Most helpful positive review
57 of 62 people found the following review helpful
Grotesque yet intriguing
on September 9, 2004
"Baise-Moi" is a French film in the grand tradition of notable director Gaspar Noe, the creator of such nihilistic cinematic nightmares as "I Stand Alone" and "Irreversible." In fact, in one scene in this film a character watches a scene from "I Stand Alone" on a television set. One wonders about Noe's reaction to "Baise-Moi." Was he flattered? Intrigued? Inspired to make more movies that might motivate others to create their own brand of extreme cinema? If anything, this film probably shocked the director. Certainly "I Stand Alone" and "Irreversible" are two very difficult films to watch let alone think about, but "Baise-Moi" beats both of them when it comes to sexual situations and disturbing violence. The writer and director of this film are both involved in the European adult film industry, if that tells you anything. Moreover, most of the actors in the picture work in that field as well. After watching this film, I know its appeal to a mass audience will be extremely limited. That's not to say the movie is nothing more than a pastiche of over the top scenes, as "Baise-Moi" most definitely conveys a serious message. Whether that message is original (it's not), or is more effective when portrayed in such an extreme manner, is open to debate.

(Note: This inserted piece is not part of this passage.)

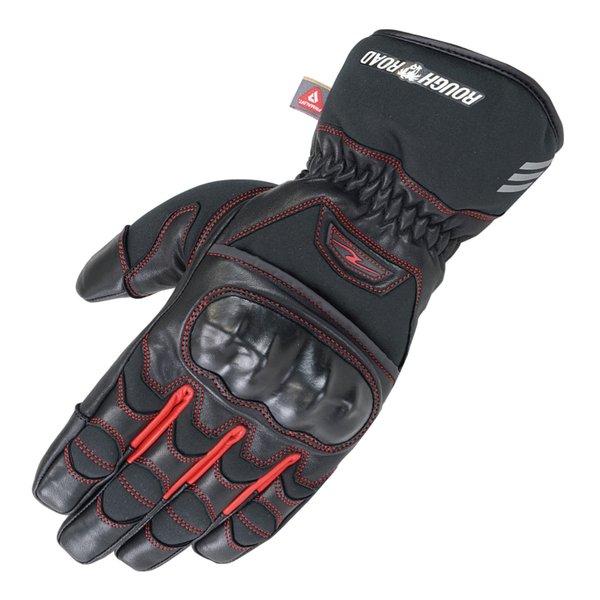 ROUGH&amp;ROAD ラフアンドロード プリマロフト プロテクトウインターグローブ レッド-XL R...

The movie tells the story of two lower class French women named Manu (Raffaela Anderson) and Nadine (Karen Lancaume). Manu is a wanderer, a lost soul prowling the gritty French streets side by side with drug dealers, harridans, and other assorted riff raff. One day the young girl and a friend encounter a gang of unruly, menacing toughs with only one thing on their minds. After consummating the horrific act, shown in truly nauseating close up, Manu's embitterment about her life and her surroundings grows exponentially. Nadine, on the other hand, has her own unique troubles. Slaving away day after day as a woman of the night, she must continually endure the indignities such a profession thrives on. The filmmakers spare no sensibilities showing us the minutiae of one of her business dealings, perhaps in an effort to convince the viewer how ghastly, how emotionally and physically damaging, the occupation is. After establishing both characters' lives, chance events bring the two together after a local drug dealer perishes. At first, Manu and Nadine do not trust one another, which makes sense considering their rough upbringing. But eventually the two form a twisted bond, a bond requiring both of them to go on a mission of wanton violence against the human race. These are angry women far past the point of feeling an ounce of sympathy toward their fellow citizens. They prey on both men and women in their quest to even wrongs.
"Baise-Moi" is your traditional revenge flick ramped up to high levels of emotional and physical violence. Moreover, and there's no better way to say this, the movie wallows in pornographic images. The filmmakers never shy away from close-ups of the most extreme acts, making this a film definitely unsuitable for kids. Heck, it's probably unsuitable for most adults if you've never seen a mature film. The movie goes so over the top in its depictions of sex and violence that the viewer might lose touch with the message and the performances let alone taking anything said or shown here seriously. Considering the actors in the film probably aren't familiar with the ins and outs of mainstream cinema, their portrayal of damaged human beings works surprisingly well. You can literally feel the two protagonists' rage pouring out of your television screen as one atrocity after another unfolds. Watching "Baise-Moi" sort of makes you wonder how many other ticking time bombs wander through the streets and back alleys of our decaying civilization. I called the film a traditional revenge film, and it is. Just think "Thelma and Louise" taken to explicit dimensions or the "Death Wish" films shot from the point of view of the crime victims to come up with a touchstone.
The title sums up the picture's message. The French infinitive "baiser" translates as "to kiss," but like many words in our language the term carries multiple meanings. The French apparently assigned coarser definitions to the word, colorful usages that I won't get into here except to say that they hint at how men perceive women at different times. On the one hand, kissing points toward healthy emotions such as love and respect. The other meanings of the word conjure up images of misogyny, domination, and physical abuse. "Baise-Moi" challenges us to reconcile these two definitions, boldly stating that you can't have one without the other. Moreover, if society tacitly endorses a dualistic view of the female personality--one positive and the other deserving of negative attentions--don't act surprised when certain women seek retribution for vicious wrongs. Then again, perhaps I'm simply reading too much into this nihilistic excursion. "Baise-Moi" could just as well be a statement on the disintegration of French society due to massive and sustained unemployment, high crime rates, unchecked immigration, and the sudden realization that their waiters' obnoxious attitudes have reached an all time low.
Whatever the film ultimately means, you will never forget the experience of watching it. "Baise-Moi" barely cracks the seventy-minute mark, but you get a bunch of extras on the DVD to take up the slack. A trailer for the film, a photo gallery, and press clippings discussing the notoriety of the picture help flesh out the viewing experience. Crude, abrasive, and challenging--"Baise-Moi" is sure to secure a special place in the realm of extreme cinema for some time to come. Films like this sort of make you wonder what they'll come up with to shock the audience in twenty or thirty years, don't they?